Financial institutions already manage risk, and they should focus on those risks that are material to their investors. Diversions into partisan fields such as climate risk are a distraction, and to the extent that climate risk matters, it will already be included by banks in their risk calculations. To the extent that it doesn’t matter for banks’ risk calculations, these requirements lead to distortions in important price signals.
Additionally, unnecessary requirements also lead to unintended consequences such as more expensive or reduced lending due to the added regulatory compliance costs. Not only were firms expected to engage in long-term scenario analysis that stretched far past typical scenario time horizons, but there is also no clarity for the future path of climate-related policy. Vague statements in the principles meant that financial institutions faced unclear expectations and the risk of ever-tightening regulation.
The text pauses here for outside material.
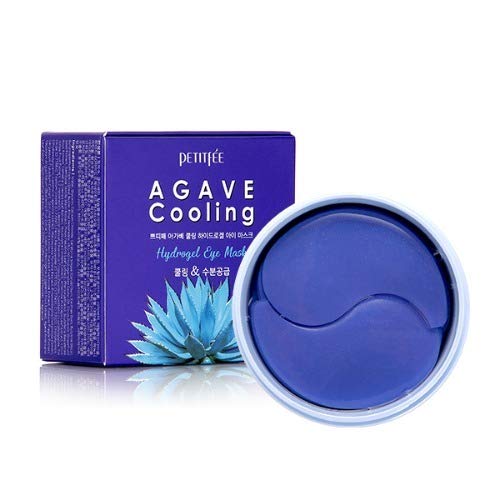 PETITFEE Agave Cooling Eye Patch (60 pieces, 30 pairs) Cool Down, Skin-Fit, Moisturizing, Nourishing Skin Care Petitfee 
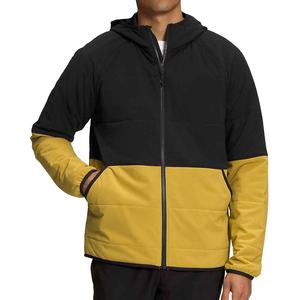 Veste softshell offrant une chaleur isolante, une sensation respirante et une conception robuste, parfaite pour les environnements froids - Product Image 1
The principles would also focus on “transition risk,” which refers to the risk faced by a firm from a shift to a low-carbon economy. Banks were expected to consider carbon-intensive firms as risky, thus increasing lending costs for those companies. This is problematic because the focus on this risk tries to arbitrarily constrain carbon-intensive firms through financial regulation.
The rescission acknowledges these problems and is a great step in the right direction. Now, the Fed can continue to reduce its regulatory scope and focus entirely on its dual mandate. It should then implement rules-based monetary policy to constrain discretion and create a more stable and predictable monetary regime.